= London Emergency Services Liaison Panel =

Emergency services panel in London, United Kingdom

The London Emergency Services Liaison Panel (LESLP) consists of representatives from the following agencies:

- Metropolitan Police Service
- London Fire Brigade
- City of London Police
- British Transport Police
- London Ambulance Service (NHS Trust)
- HM Coastguard (London)
- Port of London Authority
- All London Local Authorities
- Military (Joint Regional Liaison Officer)
- Transport for London
- London Resilience Group

Established in 1973, the group meets regularly and is chaired by the Metropolitan Police Service. The role of the LESLP is to establish the correct procedures for a collaborative approach to responding to major incidents within London.
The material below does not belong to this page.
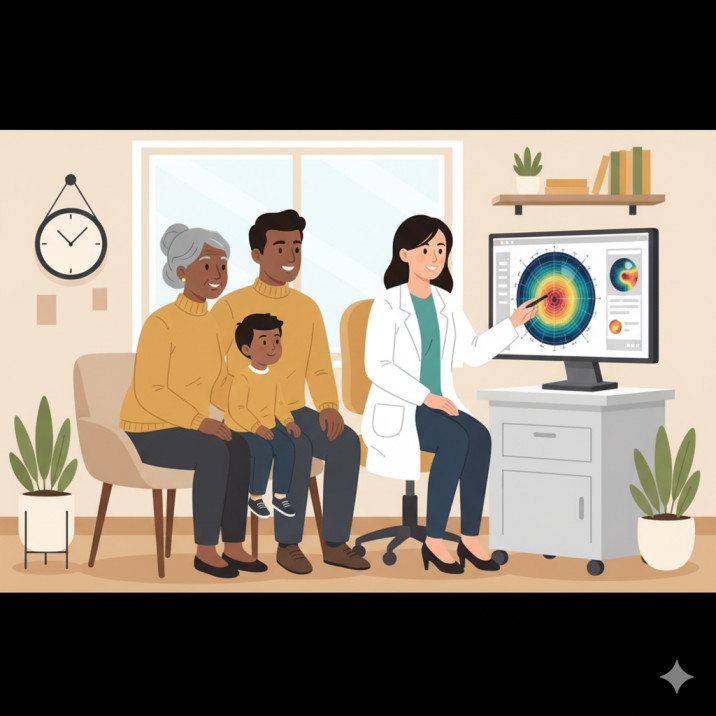 Multi-generational family receiving corneal topography consultation at West Broward Eyecare Associates, showing family-centered approach to advanced eye care technology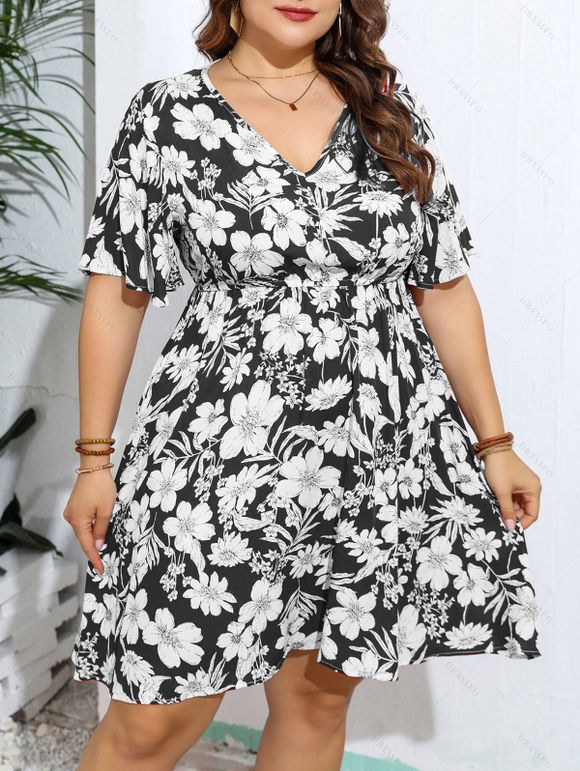 Robe Courte Fleurie Imprimée Manches Evasées à Taille Haute de Grande Taille à Col V - Noir 3XL | US 20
A major incident could be anything from a terrorist attack to a natural disaster.

A revised version of the LESLP Major Incident Procedure Manual (2019 edition) is published on the London Prepared webpages.

== Major incident ==

A "major incident" is defined by LESLP as "an event or situation with a range of serious consequences which requires special arrangements to be implemented by one or more emergency responder agency."

Definition of a "major incident" explanatory notes:

- 'Emergency responder agency' describes all category one and two responders as defined in the Civil Contingencies Act (2004) and associated guidance.
- A major incident is beyond the scope of business-as-usual operations, and is likely to involve serious harm, damage, disruption or risk to human life or welfare, essential services, the environment or national security.
- A major incident may involve a single-agency response, although it is more likely to require a multi-agency response, which may be in the form of multi-agency support to a lead responder.
- The severity of the consequences associated with a major incident are likely to constrain or complicate the ability of responders to resource and manage the incident, although a major incident is unlikely to affect all responders equally.
- The decision to declare a major incident will always be a judgement made in a specific local and operational context, and there are no precise and universal thresholds or triggers. Where Local Resilience Forums and responders have explored these criteria in the local context and ahead of time, decision makers will be better informed and more confident in making that judgement.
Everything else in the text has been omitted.